The proposed pipeline consists of three distinct stages. 1) Our motion network, EpO-Net takes motion images, concatenation of optical flow and epipolar distances, as input and outputs motion-saliency-map. 2) Parallel to this, we have a network to compute the appearance features to extract scene context and object information [3]. 3) Our joint network, EpO-Net+ fuses the appearance features and the motion-saliency-map with a bidirectional-ConvGRU and outputs saliency mask. We introduce Input-Dropout, a mechanism for robustly fusing noisy input feature-maps. We discuss these stages in details as follows.

4.1 Motion Images

Given an input video, we compute optical flow, convert it into dense trajectories, find trajectory epipolar distances and convert it into per-frame Epipolar Distances (ED). ED, has a temporally bigger receptive field, assigning a large weight to the foreground and lower to the background but is sensitive towards optical flow errors. Yet optical flow captures temporally local but relatively robust information containing motion patterns to distinguish foreground from background.

Both of these information are complementary. To exploit both and learn motion features from them, we merge 2-channel of optical flow vectors with ED, to get a 3-channel image, we call motion-images. The main challenge in fusion is to identify when both of these information are reliable and when only optical flow should be used.

4.2 Epipolar Optical flow Network (EpO-Net)

Given motion image as input, we design an encoder-decoder deep network, in fashion of UNet [35] and outputs motion-saliency-map. The latent space after the encoder captures the context of the whole motion image, different motion patterns and their relationship with ED. The decoding part on the other-hand has unravelled the context to decide about each pixel. Use of skip layers gives decoder access to local information ([50]) collected from the lower layers of the encoding-network and use them with the context to make a decision at pixel level.

In our network, we use four encoders followed by four decoders, where each block consists of a convolution layer, followed by batch normalization, ReLU activation and max-pooling layers. Different from the Mp-Net, our much informative input allows us to have less number of channels before the final classification layer (128 instead of 512). Motion-saliency-map is produced using a sigmoid layer in the end. CRF is used to clean the output.

4.3 Joint Network (EpO-Net)

Any algorithm solely based on motion information will struggle with defining object boundaries and be confused by the non-rigid background. We use the pre-trained Deep-Lab [3] features and fuse them with our motion network, similar to LVO [42]. Although FC6 layer of Deep-Lab is just th of the spatial size of the original image, it still captures important information about the objects, their boundaries and nonrigid background. Please note that our appearance features are quite generic, customized appearance networks for video segmentation can produce better results. The reason we use such generic features is to demonstrate the significance of the proposed motion network.

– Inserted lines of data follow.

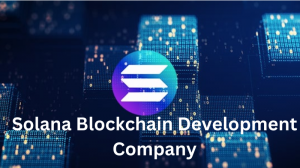 Why Solana Blockchain Development Companies Are Dominating the Crypto Space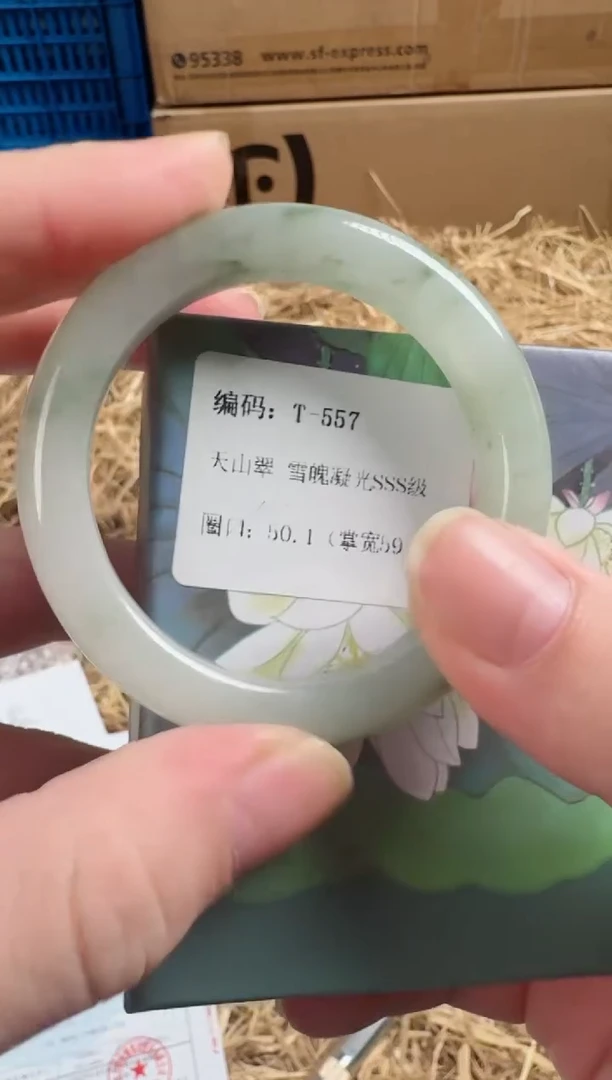 未镶嵌手镯石英质玉T-557
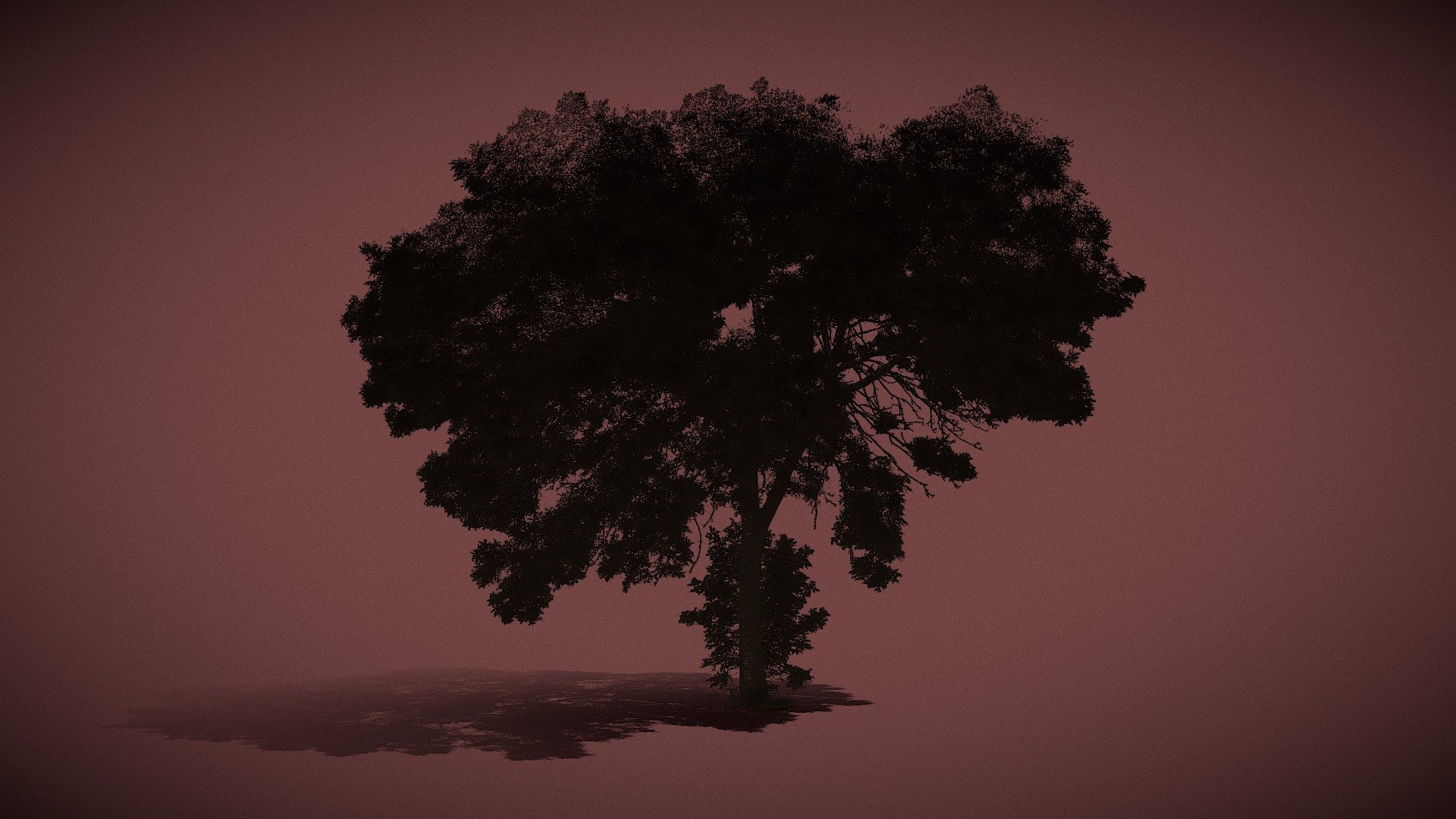 Tree shadow 03 - Buy Royalty Free 3D model by archiwum_xyz [c358ba1 ...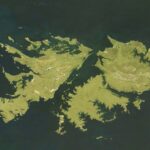 nota-181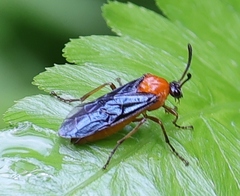 Tanyphatnidea sinensis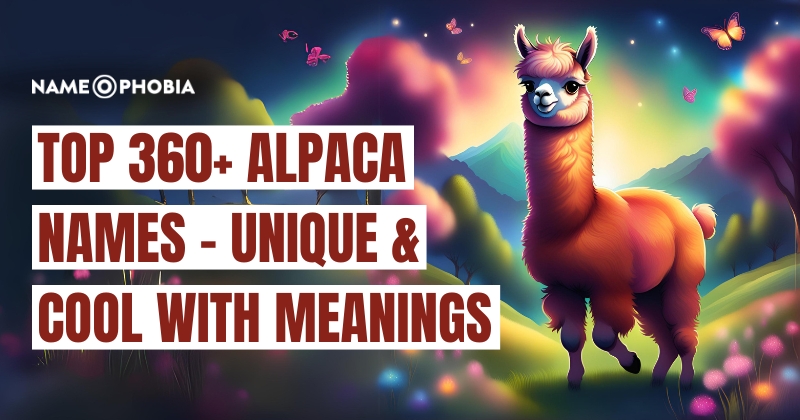 Top 360+ Alpaca Names - Unique & Cool with Meanings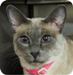 lucy-siamese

We train the bottleneck layer to reduce the appearance features from 1024 to 128 and concatenate it with the down-sampled output of EpO-Net. To exploit temporal continuity in the joint-features and build global context, we concatenate the bi-directional Convolutional Gated Recurrent Unit (ConvGRU) at the end of our network. To robustly handle motion network failures in the case of nonrigid background, we introduce input-drop, discussed next.

5 Challenges in Training

The proposed architecture contains fusion of features, encapsulating information at different spatial and temporal receptive fields, at different stages of the network. To enable the network to properly learn the concept of motion saliency and fuse motion and appearance features required contribution both in the training methodology and dataset.

5.1 RBSF Dataset

Training sequences in the DAVIS 2016 are too few to train a robust motion network. We find that F3DT [27] and PHAV [7] datasets are not very useful for us. F3DT has holes and the objects’ motion is quite fast. PHAV has low resolution than DAVIS and the ground-truth optical flow is noisy because of jpeg compression. We create our own synthetic dataset, called RBSF (Real Background, Synthetic Foreground), by mixing the 20 different foreground objects performing various movements with 5 different real background videos. Fairly large size (30% to 50% of the frame) and reasonable fast motion of objects allows us to compute accurate optical flow and long trajectories. We observe that generating more data do not improve results, thanks to the well-constrained epipolar distances. After training on RBSF, we fine-tune EpO-Net on DAVIS-2016 [31]. Few example frames from RBSF dataset are shown in the supplementary material.

5.2 Feature Fusion & Input-Dropout

The main challenge in devising a robust fusion mechanism is to identify when to rely on one of the two input feature volumes. Intuitively, epipolar distance and optical flow should be fused early, so that they can help each other. However, determining their usefulness requires contextual information and can only be done in deeper layers of the network. By that time, the learned features have already mixed the input channels. Therefore, training with more data or for more iterations might not improve the results.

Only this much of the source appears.